[Stored items from a collection]
________

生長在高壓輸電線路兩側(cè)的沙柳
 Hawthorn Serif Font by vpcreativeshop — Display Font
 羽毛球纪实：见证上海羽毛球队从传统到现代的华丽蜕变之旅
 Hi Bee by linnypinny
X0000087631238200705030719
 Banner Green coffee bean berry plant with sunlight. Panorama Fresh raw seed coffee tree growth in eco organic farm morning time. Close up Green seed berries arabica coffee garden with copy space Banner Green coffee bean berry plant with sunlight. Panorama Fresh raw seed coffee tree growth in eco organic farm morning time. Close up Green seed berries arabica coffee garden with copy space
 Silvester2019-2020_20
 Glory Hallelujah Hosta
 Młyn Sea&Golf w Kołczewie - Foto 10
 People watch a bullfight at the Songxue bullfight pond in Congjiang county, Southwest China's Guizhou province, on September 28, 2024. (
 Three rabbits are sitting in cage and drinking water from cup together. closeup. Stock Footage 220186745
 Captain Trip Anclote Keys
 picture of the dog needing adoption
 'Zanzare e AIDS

________

- _Exercise requirements_
In full and unchanged, repeat the data above.

- _Answer section_
生長在高壓輸電線路兩側(cè)的沙柳
 Hawthorn Serif Font by vpcreativeshop — Display Font
 羽毛球纪实：见证上海羽毛球队从传统到现代的华丽蜕变之旅
 Hi Bee by linnypinny
X0000087631238200705030719
 Banner Green coffee bean berry plant with sunlight. Panorama Fresh raw seed coffee tree growth in eco organic farm morning time. Close up Green seed berries arabica coffee garden with copy space Banner Green coffee bean berry plant with sunlight. Panorama Fresh raw seed coffee tree growth in eco organic farm morning time. Close up Green seed berries arabica coffee garden with copy space
 Silvester2019-2020_20
 Glory Hallelujah Hosta
 Młyn Sea&Golf w Kołczewie - Foto 10
 People watch a bullfight at the Songxue bullfight pond in Congjiang county, Southwest China's Guizhou province, on September 28, 2024. (
 Three rabbits are sitting in cage and drinking water from cup together. closeup. Stock Footage 220186745
 Captain Trip Anclote Keys
 picture of the dog needing adoption
 'Zanzare e AIDS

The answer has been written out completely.